What is the biggest challenge when writing CNF?
Hmmm. I think I thrive on a three-part challenge: 1) finding a truly unique (and beautiful) way of capturing something that is 2) my experience and interpretation of that experience, all while 3) evoking a universal reaction or understanding in others. And I think I go in that order when I edit. Find the “perfect” words; figure out if I captured something in the way I hoped to; and then edit for imaginary readers. I do know that in writing I don’t shy away from challenges, whereas in real-life I tend to be more worried about doing very hard things. Challenges are what keep us evolving as writers.
I won’t even get into The Business Challenge of being a writer here, which these days feels more difficult than ever—the submitting, the time management, the outreach, the social media platforms, and so on, because those challenges are best contained to another part of my brain. If I think about them too much, I won’t write at all. Or at least I won’t write as well.
What’s your favourite piece of art in your home?
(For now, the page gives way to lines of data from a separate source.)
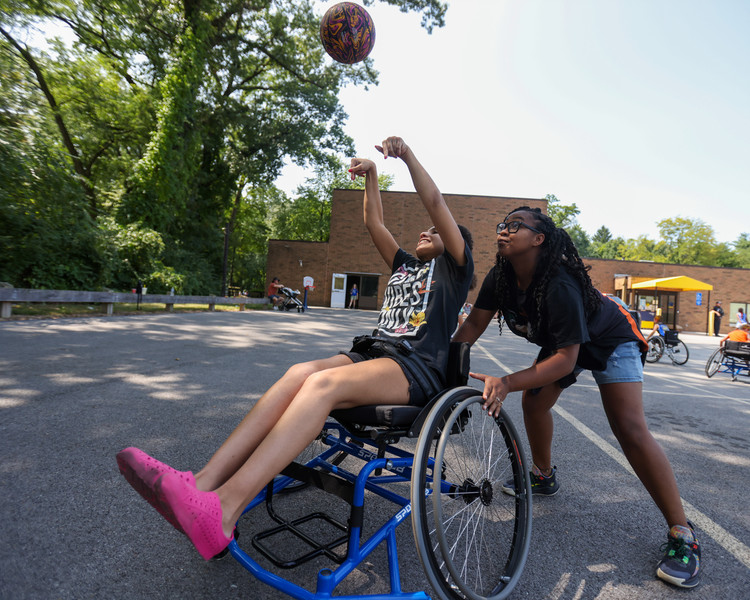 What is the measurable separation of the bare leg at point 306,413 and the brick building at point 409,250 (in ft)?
107

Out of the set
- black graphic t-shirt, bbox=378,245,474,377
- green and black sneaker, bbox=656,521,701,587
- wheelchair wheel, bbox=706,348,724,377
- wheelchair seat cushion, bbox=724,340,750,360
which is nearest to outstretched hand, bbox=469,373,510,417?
black graphic t-shirt, bbox=378,245,474,377

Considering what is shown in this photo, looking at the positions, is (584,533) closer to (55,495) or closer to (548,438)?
(548,438)

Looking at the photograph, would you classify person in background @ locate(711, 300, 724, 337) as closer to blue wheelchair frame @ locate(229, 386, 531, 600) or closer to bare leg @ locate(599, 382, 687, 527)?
bare leg @ locate(599, 382, 687, 527)

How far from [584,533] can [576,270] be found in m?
1.36

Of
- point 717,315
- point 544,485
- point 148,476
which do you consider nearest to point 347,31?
point 544,485

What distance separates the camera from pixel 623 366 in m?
2.41

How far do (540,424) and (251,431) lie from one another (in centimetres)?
181

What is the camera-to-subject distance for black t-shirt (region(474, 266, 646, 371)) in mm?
2150

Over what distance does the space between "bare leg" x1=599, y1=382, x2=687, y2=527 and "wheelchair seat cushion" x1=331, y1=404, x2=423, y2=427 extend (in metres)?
1.20

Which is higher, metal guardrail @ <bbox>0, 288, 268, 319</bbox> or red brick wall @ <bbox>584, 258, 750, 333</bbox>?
red brick wall @ <bbox>584, 258, 750, 333</bbox>

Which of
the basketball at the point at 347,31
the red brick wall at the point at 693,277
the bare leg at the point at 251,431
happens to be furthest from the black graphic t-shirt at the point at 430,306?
the red brick wall at the point at 693,277

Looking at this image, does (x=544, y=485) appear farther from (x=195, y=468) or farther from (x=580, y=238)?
(x=580, y=238)

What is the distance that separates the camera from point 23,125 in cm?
1029

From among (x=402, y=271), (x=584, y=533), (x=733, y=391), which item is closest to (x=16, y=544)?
(x=402, y=271) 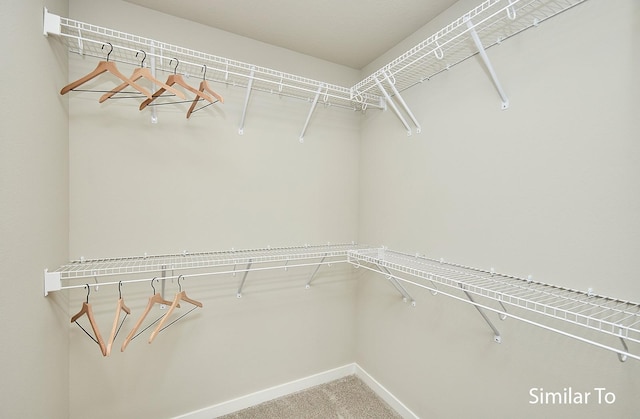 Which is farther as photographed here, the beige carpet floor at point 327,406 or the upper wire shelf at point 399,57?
the beige carpet floor at point 327,406

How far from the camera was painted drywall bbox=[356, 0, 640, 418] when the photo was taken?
37.8 inches

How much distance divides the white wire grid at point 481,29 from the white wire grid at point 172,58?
424 millimetres

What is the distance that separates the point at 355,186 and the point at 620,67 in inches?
61.0

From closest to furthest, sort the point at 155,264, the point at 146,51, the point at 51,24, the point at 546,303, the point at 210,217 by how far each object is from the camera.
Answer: the point at 546,303
the point at 51,24
the point at 155,264
the point at 146,51
the point at 210,217

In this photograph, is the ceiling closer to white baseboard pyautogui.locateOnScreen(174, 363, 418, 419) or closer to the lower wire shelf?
the lower wire shelf

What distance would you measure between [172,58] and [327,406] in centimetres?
235

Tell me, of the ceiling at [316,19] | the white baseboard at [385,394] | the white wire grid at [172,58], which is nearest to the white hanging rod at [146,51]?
the white wire grid at [172,58]

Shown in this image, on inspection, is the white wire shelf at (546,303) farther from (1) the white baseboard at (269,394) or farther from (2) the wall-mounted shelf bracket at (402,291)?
(1) the white baseboard at (269,394)

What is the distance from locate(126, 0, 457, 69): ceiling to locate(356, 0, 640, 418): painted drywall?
6.1 inches

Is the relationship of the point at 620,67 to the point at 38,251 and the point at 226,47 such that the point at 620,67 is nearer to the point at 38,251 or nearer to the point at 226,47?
the point at 226,47

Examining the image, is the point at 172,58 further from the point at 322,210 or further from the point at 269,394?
the point at 269,394

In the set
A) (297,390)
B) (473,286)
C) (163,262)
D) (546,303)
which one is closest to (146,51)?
(163,262)

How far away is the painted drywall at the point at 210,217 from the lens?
4.87 feet

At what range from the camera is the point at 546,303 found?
102 centimetres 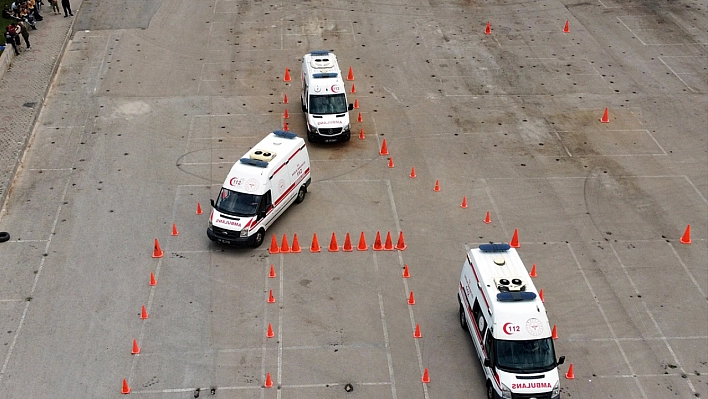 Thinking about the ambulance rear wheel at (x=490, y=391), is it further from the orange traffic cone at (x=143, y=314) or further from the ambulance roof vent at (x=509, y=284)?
the orange traffic cone at (x=143, y=314)

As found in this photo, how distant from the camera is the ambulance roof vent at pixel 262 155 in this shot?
2705cm

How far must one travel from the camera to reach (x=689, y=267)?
26.4 metres

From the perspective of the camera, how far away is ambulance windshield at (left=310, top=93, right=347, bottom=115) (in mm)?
32719

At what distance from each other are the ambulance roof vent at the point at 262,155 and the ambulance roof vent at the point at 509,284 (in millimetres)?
8848

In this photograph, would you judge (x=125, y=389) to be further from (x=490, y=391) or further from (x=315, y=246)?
(x=490, y=391)

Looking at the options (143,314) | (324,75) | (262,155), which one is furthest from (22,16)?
(143,314)

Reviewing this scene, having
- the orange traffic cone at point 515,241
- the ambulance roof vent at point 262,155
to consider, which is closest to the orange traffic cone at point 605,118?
the orange traffic cone at point 515,241

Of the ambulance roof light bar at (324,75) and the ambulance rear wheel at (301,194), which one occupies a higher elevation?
the ambulance roof light bar at (324,75)

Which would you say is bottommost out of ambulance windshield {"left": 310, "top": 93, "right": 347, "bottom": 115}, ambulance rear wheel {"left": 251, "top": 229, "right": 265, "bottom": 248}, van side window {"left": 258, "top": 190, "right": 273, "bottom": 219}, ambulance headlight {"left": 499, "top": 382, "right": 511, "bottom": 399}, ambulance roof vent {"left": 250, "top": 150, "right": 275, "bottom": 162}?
ambulance rear wheel {"left": 251, "top": 229, "right": 265, "bottom": 248}

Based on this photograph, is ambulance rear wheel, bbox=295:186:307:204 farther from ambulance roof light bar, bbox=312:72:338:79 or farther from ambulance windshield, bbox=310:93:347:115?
ambulance roof light bar, bbox=312:72:338:79

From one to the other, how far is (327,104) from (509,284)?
13737 millimetres

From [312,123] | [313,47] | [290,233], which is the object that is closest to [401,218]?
[290,233]

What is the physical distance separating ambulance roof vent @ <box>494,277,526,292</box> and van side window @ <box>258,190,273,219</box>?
8.09 m

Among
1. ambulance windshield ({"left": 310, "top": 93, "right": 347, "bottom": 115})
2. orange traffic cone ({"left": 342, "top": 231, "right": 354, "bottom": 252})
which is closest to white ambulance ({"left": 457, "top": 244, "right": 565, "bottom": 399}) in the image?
orange traffic cone ({"left": 342, "top": 231, "right": 354, "bottom": 252}) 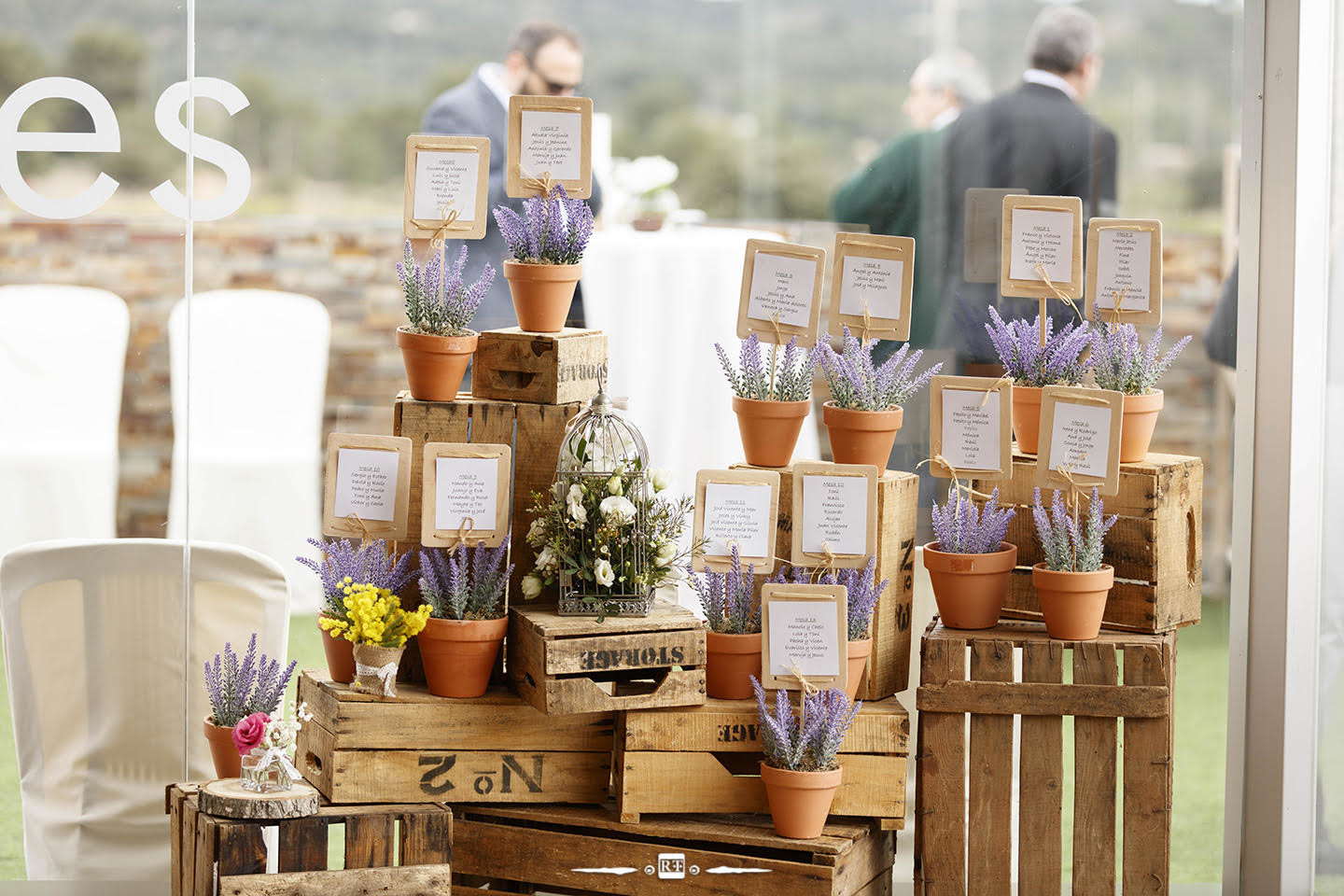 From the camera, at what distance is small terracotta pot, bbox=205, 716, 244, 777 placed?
252 cm

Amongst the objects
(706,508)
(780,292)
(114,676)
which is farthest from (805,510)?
(114,676)

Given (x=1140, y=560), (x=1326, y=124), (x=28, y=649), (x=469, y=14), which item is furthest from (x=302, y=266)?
(x=1326, y=124)

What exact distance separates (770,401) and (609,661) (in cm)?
58

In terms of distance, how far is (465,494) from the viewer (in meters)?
2.46

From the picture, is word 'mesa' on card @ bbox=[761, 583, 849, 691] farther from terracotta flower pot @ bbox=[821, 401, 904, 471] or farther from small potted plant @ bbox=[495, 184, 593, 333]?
small potted plant @ bbox=[495, 184, 593, 333]

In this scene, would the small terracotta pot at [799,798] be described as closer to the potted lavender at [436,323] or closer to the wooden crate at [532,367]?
the wooden crate at [532,367]

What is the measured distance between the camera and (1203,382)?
10.4 ft

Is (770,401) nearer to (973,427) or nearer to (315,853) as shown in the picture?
(973,427)

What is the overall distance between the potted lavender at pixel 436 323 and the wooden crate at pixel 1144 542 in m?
1.00

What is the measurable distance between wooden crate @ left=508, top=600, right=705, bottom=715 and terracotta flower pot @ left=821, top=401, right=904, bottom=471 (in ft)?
1.46

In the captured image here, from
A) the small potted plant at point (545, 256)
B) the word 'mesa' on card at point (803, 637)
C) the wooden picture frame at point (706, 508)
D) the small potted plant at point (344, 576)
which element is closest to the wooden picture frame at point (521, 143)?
the small potted plant at point (545, 256)

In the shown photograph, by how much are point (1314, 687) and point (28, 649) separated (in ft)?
8.46

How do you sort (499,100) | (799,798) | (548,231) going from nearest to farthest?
(799,798) < (548,231) < (499,100)

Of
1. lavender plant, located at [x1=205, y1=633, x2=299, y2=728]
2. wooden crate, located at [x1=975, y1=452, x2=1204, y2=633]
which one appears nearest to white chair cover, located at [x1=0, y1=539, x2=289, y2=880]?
lavender plant, located at [x1=205, y1=633, x2=299, y2=728] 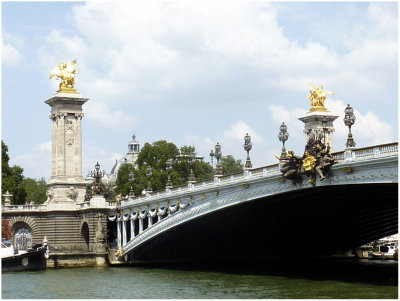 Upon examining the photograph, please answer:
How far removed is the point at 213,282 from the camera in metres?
55.4

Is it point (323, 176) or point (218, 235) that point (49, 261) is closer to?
point (218, 235)

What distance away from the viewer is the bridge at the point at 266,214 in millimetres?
47188

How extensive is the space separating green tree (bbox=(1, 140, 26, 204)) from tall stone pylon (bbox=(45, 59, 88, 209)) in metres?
12.5

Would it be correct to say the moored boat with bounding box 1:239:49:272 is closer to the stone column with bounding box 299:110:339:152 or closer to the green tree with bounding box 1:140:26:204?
the green tree with bounding box 1:140:26:204

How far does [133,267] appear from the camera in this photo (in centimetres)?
7125

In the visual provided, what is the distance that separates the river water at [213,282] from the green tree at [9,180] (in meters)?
25.0

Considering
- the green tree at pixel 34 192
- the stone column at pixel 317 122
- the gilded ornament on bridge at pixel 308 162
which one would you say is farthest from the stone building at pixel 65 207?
the green tree at pixel 34 192

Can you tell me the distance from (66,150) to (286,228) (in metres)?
22.0

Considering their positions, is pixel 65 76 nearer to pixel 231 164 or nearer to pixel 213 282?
pixel 213 282

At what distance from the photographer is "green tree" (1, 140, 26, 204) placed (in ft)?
303

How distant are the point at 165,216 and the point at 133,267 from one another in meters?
4.94

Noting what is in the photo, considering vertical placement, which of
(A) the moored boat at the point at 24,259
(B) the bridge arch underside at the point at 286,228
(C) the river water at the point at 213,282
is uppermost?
(B) the bridge arch underside at the point at 286,228

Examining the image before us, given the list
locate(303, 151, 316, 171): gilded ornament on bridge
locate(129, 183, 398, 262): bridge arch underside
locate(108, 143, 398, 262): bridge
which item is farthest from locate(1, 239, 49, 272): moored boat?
locate(303, 151, 316, 171): gilded ornament on bridge

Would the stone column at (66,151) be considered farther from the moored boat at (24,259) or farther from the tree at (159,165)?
the tree at (159,165)
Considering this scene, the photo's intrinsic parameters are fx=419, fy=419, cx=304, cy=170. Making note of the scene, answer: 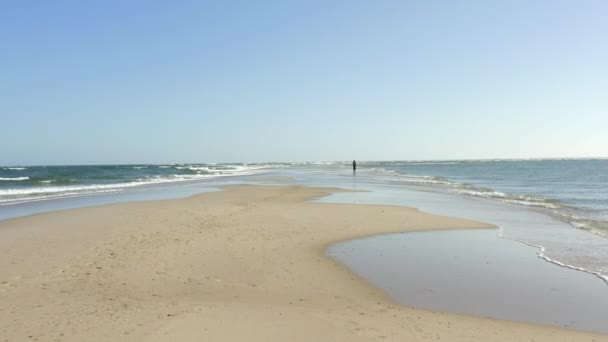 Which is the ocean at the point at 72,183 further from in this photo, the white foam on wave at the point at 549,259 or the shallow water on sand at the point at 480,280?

A long time ago, I decided I only wanted pieces in our home that held meaning—that were either created by someone we knew, or that held sentimental meaning for another reason (somewhere we visited, a special message, etc.). It makes our home feel more plentiful, in a way. My current favorite artwork is one we purchased in Edinburgh last month. It’s a print of a painting of rolling hills, a white hut with thatched roof, a red call box, and a wee sheep. In spite of those objects, the primary focus of the piece is the sky. It is the richest, deepest dark blue—indigo-grayish, as though a storm is brewing. The white and reds against it are stunning. But the main reason we purchased it is because our delightful four years of living as ex-pats in the U.K. are very sadly coming to a close. We’ll be returning to America in a few weeks, and by taking this piece home with us, we’ll always have a perfectly captured scene to remind us of long drives in the countryside of Scotland, Ireland, England, and Wales, all at once. Plus, it’s gorgeous. I’m simply obsessed with it.